Qual’è stato il primo impatto?

"Il buio assoluto e le grida. Ma non si capiva nulla. Soltanto alle prime ore del mattino ci siamo trovati davanti a un inferno".

Cosa ricorda?

"Il campanile della chiesa. L’unica cosa rimasta in piedi. Il resto è stato spazzato via dall’acqua".

Che compito aveva?

"Purtroppo quello di impedire gli ingressi dei parenti delle vittime che stavano arrivando a chiedere informazioni. C’era il caos di soccorsi e non potevano essere intralciati. Inoltre insieme ai colleghi dovevamo accertarsi non ci fossero sciacalli in giro pronti a rubare quel poco che era rimasto".

Gli occhi azzurri di Nino diventato ancor più limpidi di commozione quando il ricordo sfiora le operazioni di ricerca dei corpi.

"Li abbiamo trovati ovunque, affioravano dal fango. Quel monte d’acqua non ha lasciato scampo a nessuno. Eppure c’erano le avvisaglie e si sapeva che la situazione era critica. Non c’è stata la tempestività di intervento e così siamo a raccontare una tragedia".

Quanto tempo è rimasto in quell’inferno?

"Quattro giorni. Avevamo perso tutti la cognizione del tempo".

E poi?

"Hanno mandato il mio sostituto e sono rientrato alla base. Poi a novembre ho ottenuto il congedo dall’Arma. Anche se in realtà i carabinieri mi hanno richiamato qualche anno dopo destinandomi a Bologna. Ma ormai avevo il mio lavoro in Termomeccanica e ho rinunciato".

E’ tornato in quei posti?

"Nel 1971 per avere idea di come fosse cambiato. Ho riconosciuto soltanto il campanile".

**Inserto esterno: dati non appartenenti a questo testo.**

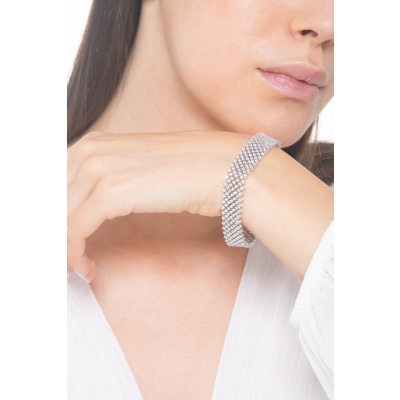 Bracciale a maglia morbida in oro 750 con diamanti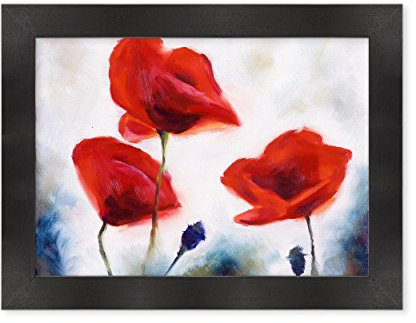 ConKrea Poster MIT CORNISCHE - Quadro Fiori - Flowers - Natur Landschaften - Wohnlandschaft - Rossi Dimensione: 30x40cm A - Colore Nero Tradizionale
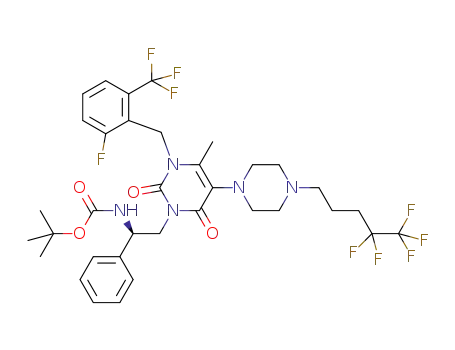 (R)-tert-butyl-(2-(3-(2-fluoro-6-(trifluoromethyl)benzyl)-4-methyl-2,6-dioxo-5-(4-(4,4,5,5,5-pentafluoropentyl)-piperazin-1-yl)-2,3-dihydropyrimidin-1(6H)-yl)-1-phenylethyl)carbamate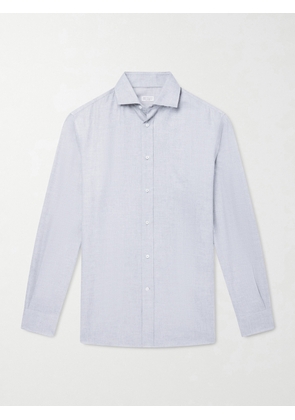 Brunello Cucinelli - Herringbone Cotton and Lyocell-Blend Shirt - Men - Gray - S
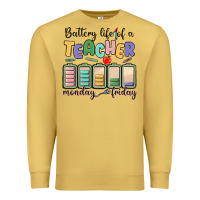 Antique Gold battery life of a teacher monday friday Premium Sweatshirt - MaliasSmallBusiness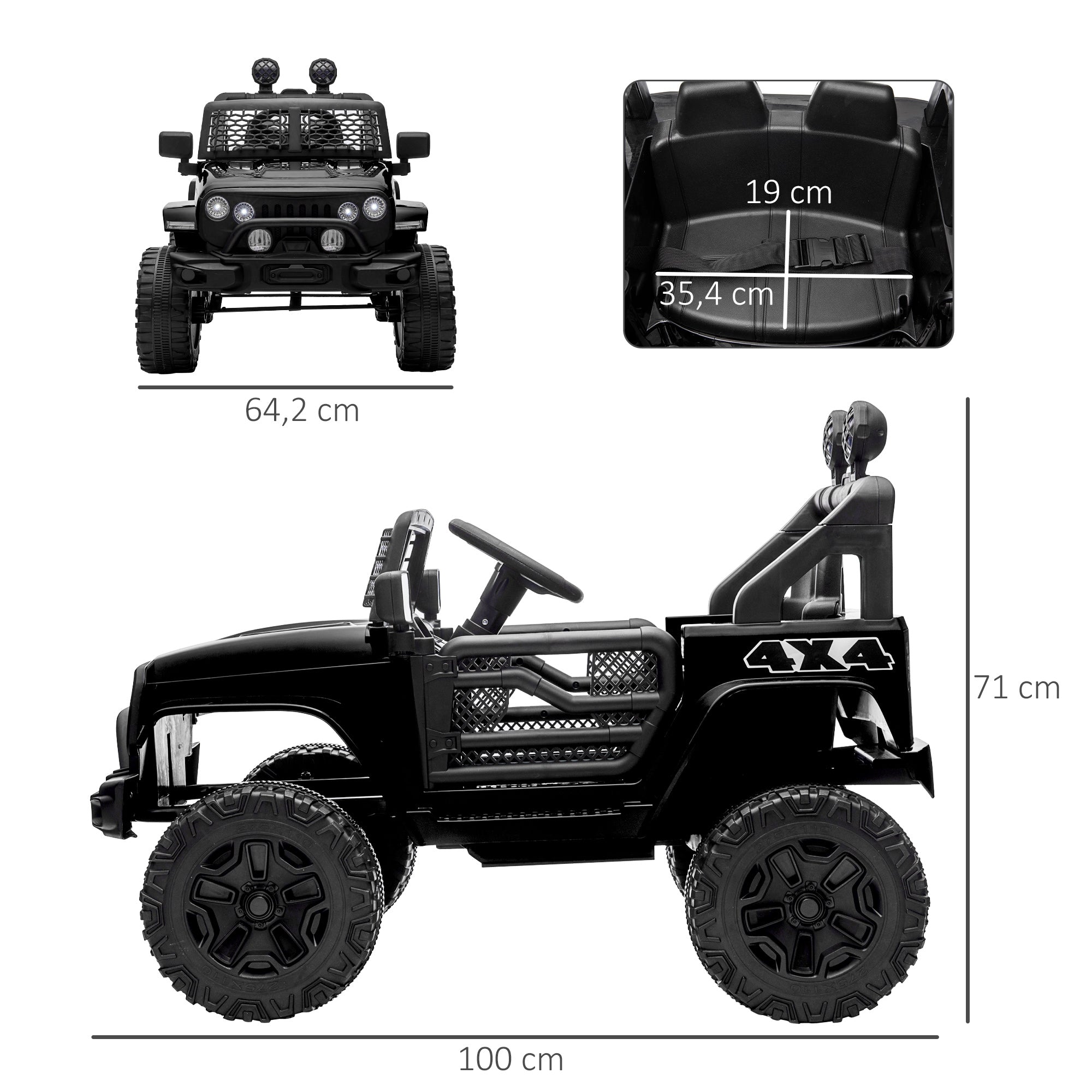 12V Electric 4x4 Car for Children with Remote Control Headlights and Horn - 3-6 Years - Black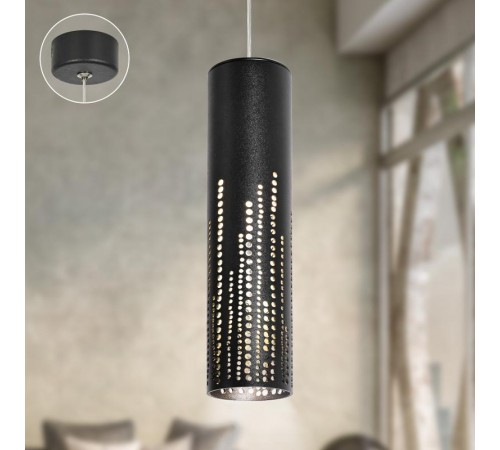 Светильник подвесной (подвес)  PL26 BK MR16 GU10 потолочный цилиндр черный  Б0061365  ЭРА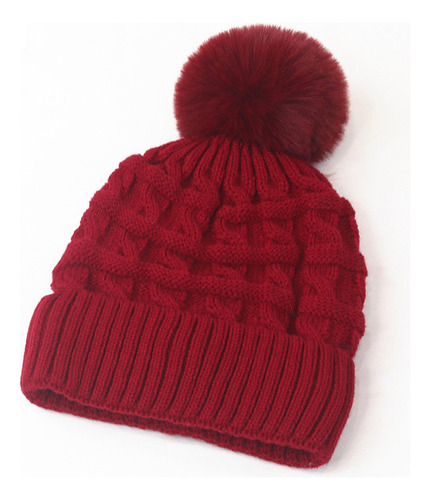 Gorro De Punto Pompom Para Mujer, Gorro De Invierno Con Form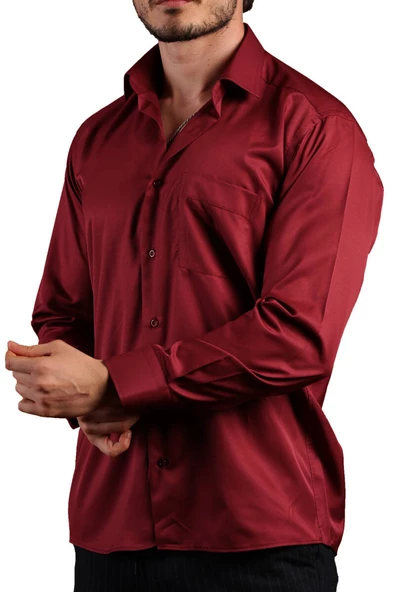Bordo Rahat Kesim Micro Kumaş Kol Düğmeli Regular Fit Erkek Gömlek - 190-13 - Resim 3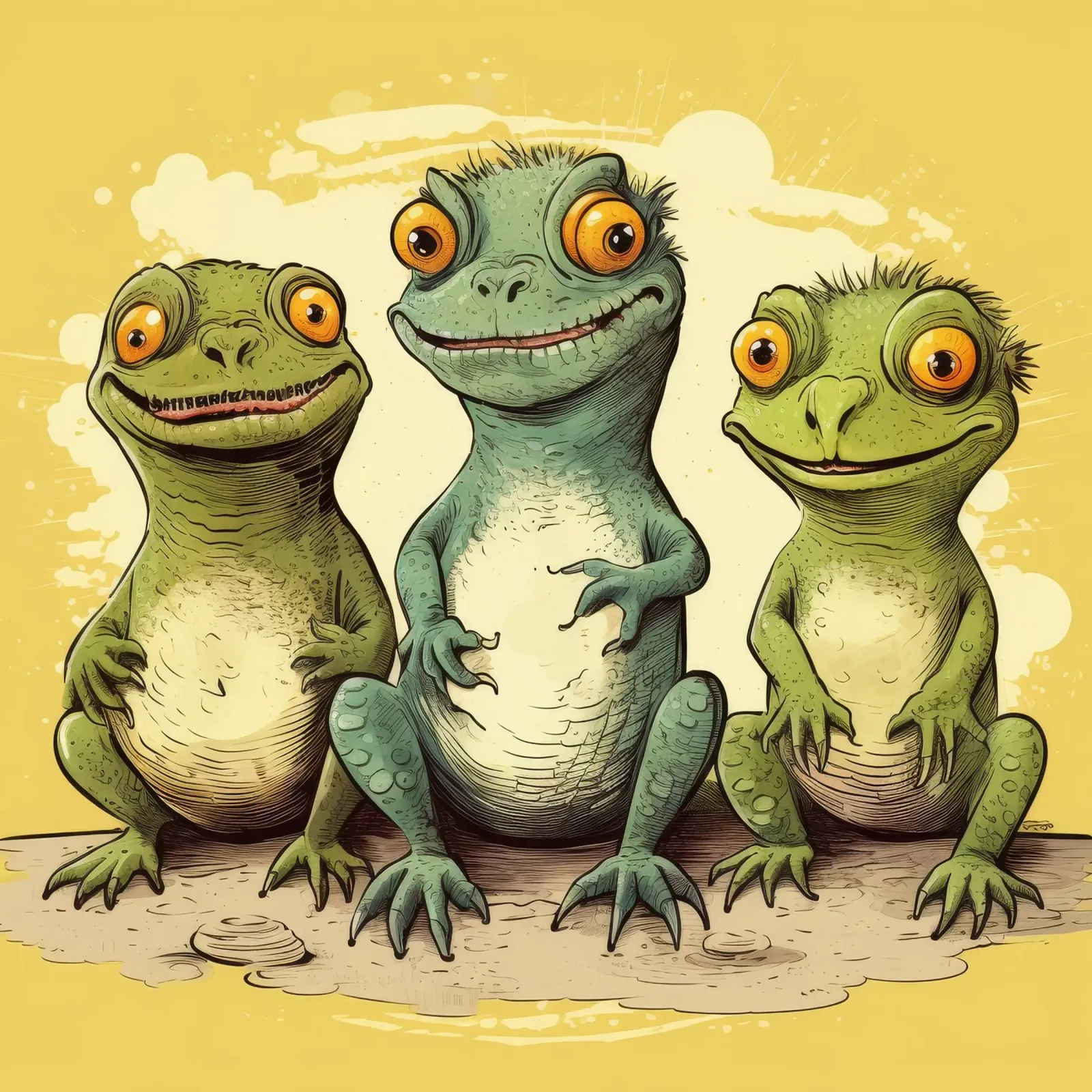 Retro Iguana Gang pellicola backlit da Funny Animals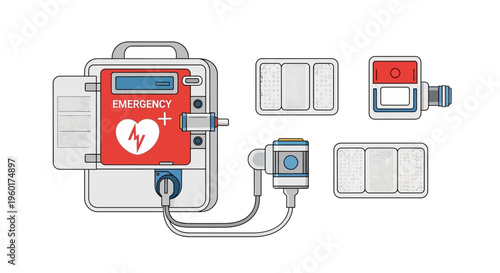 Defibrillator Vector Graphic Illustration with Electrodes for Emergency Medical Equipment and Healthcare Technology Concepts
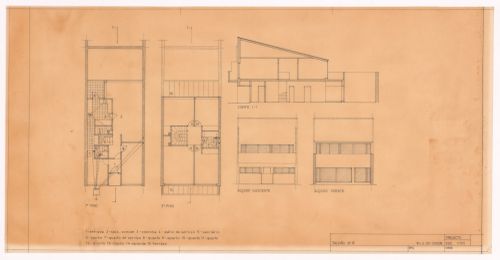 Plans, elevations and section for plot 12 of Conjunto Habitacional em Caxinas, Vila Cova - Vila do Conde, Portugal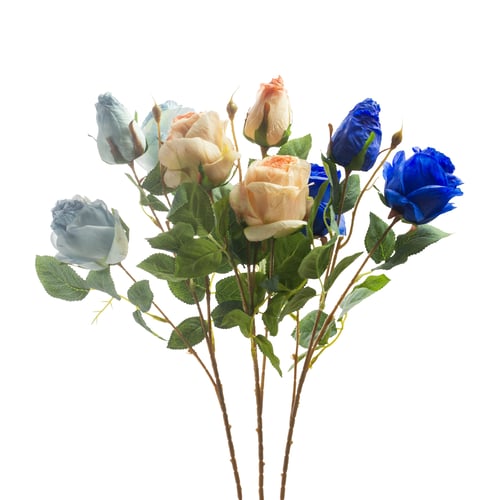 زهرة حرير صناعي – 3 ألوان (أزرق سماوي، وردي)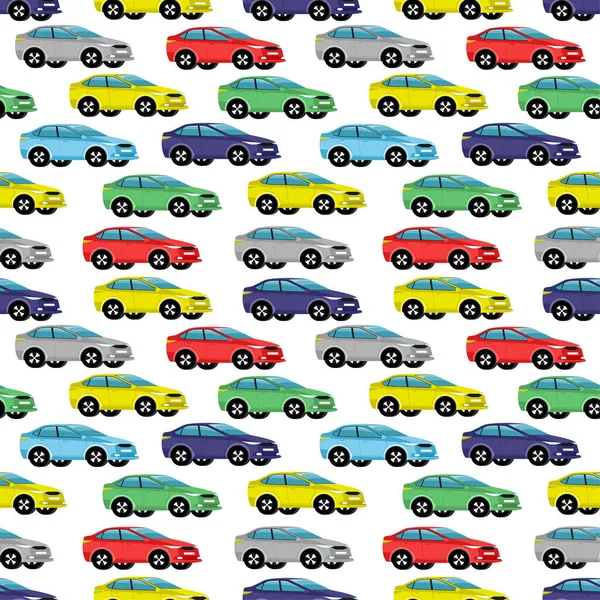 Płynny Wzór Kolorowymi Samochodami Białym Tle — Wektor stockowy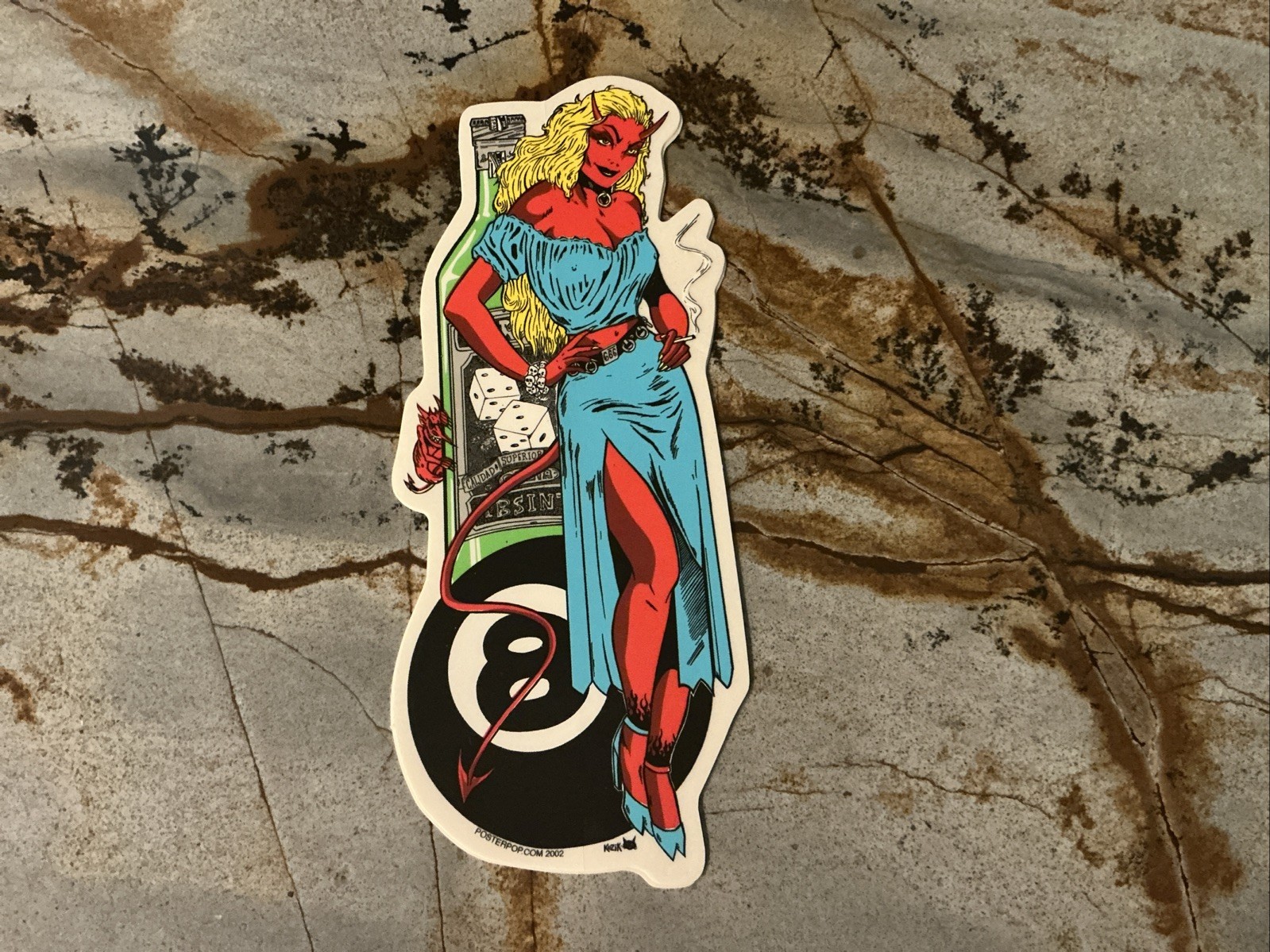 Frank Kozik original Poster Pop silkscreen ABSINTHE DEVIL Sticker; Vintage 2002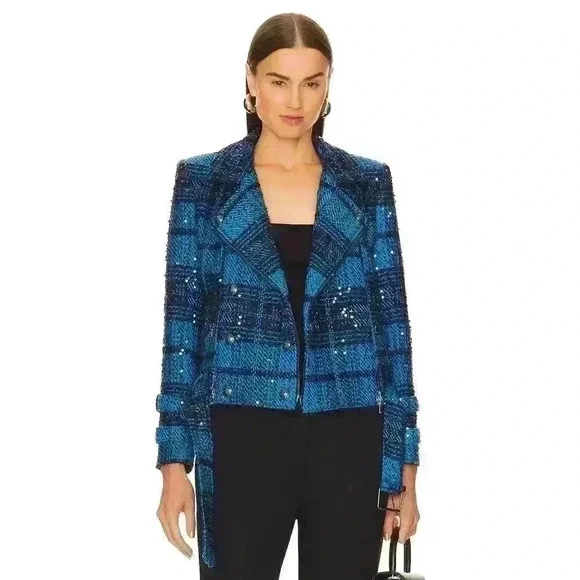 L’Agence Billie Jacket in Cobalt Multi Tweed Sz XS/T New Without Tags - Picture 6 of 7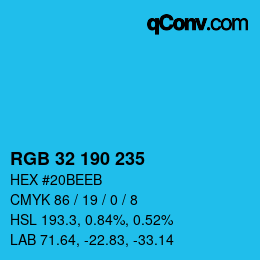 Color code: RGB 32 190 235 | qconv.com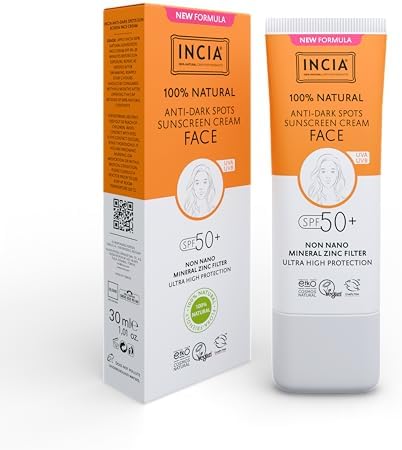 %100 Doğal Yüz Güneş Kremi Leke Karşıtı Aydınlatıcı Mineral Filtre SPF 50+ UVA1 UVA2 UVB 30 ml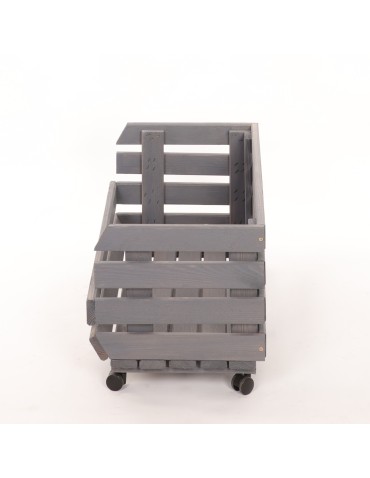 Skrzynie i skrzynki drewniane - Skrzynka na warzywa na kółkach RAWA /szer.57cm - Szara - product 5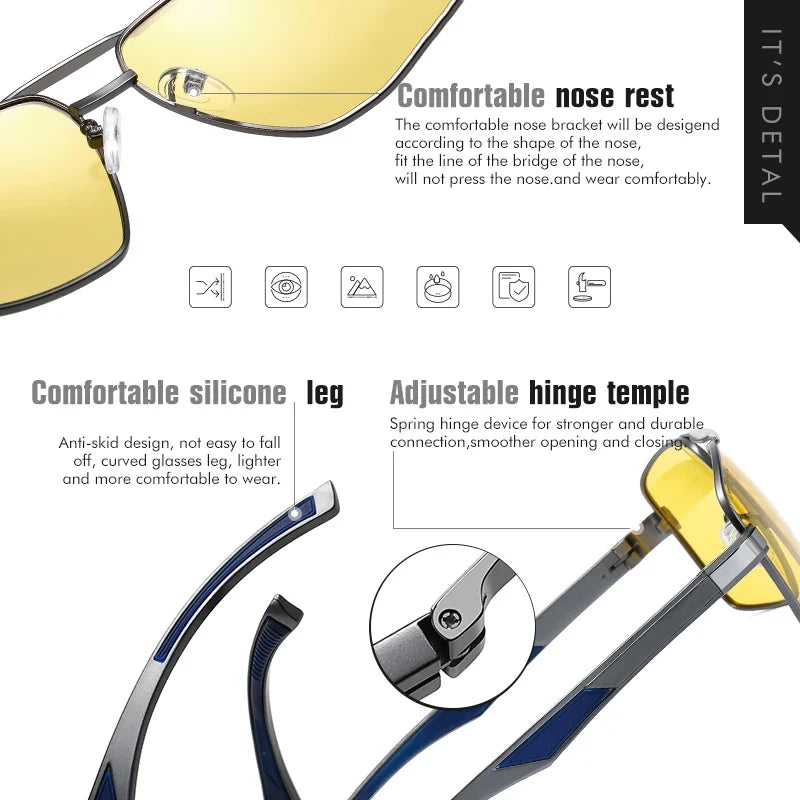 Sunglasses Photochromic Polarized Aviator UV400 Driving Glasses Night Vision Anti-Glare Fall 2026 Trend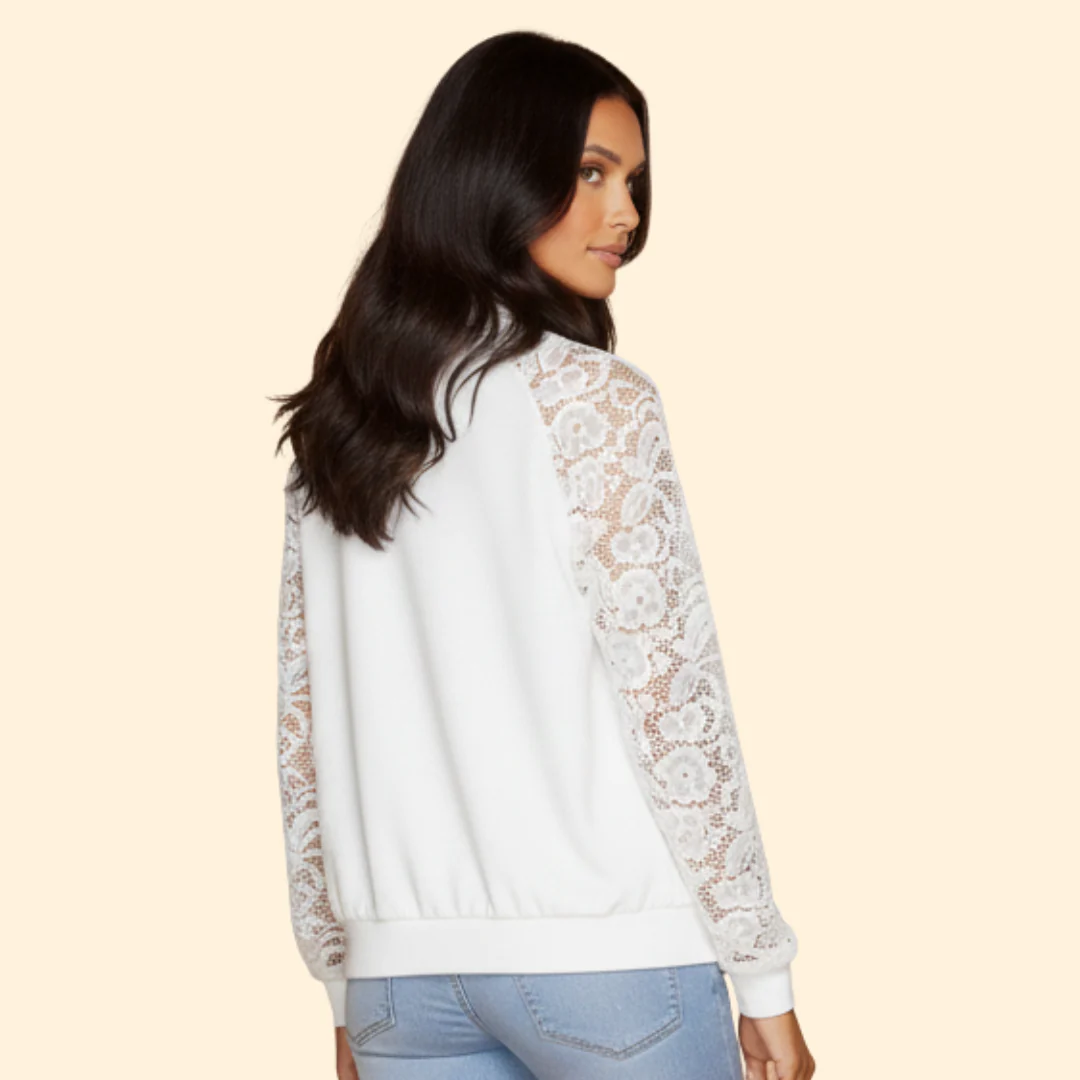 Women’s Bomber Jacket with Lace Sleeve Detail - Image 5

Anche il figlio Diego, ex assessore comunale a Luni, ingegnere ha studiato l’argomento nel corso degli studi universitari. "E’ stato un tema affrontato – ricorda Diego – proprio perchè è ermersa la serie di errori di calcolo sul quantitativo di materiale in distacco dal monte Toc. Era previsto un crollo ma non di quelle dimensioni. Per questo resta una delle più assurde tragedie del Paese".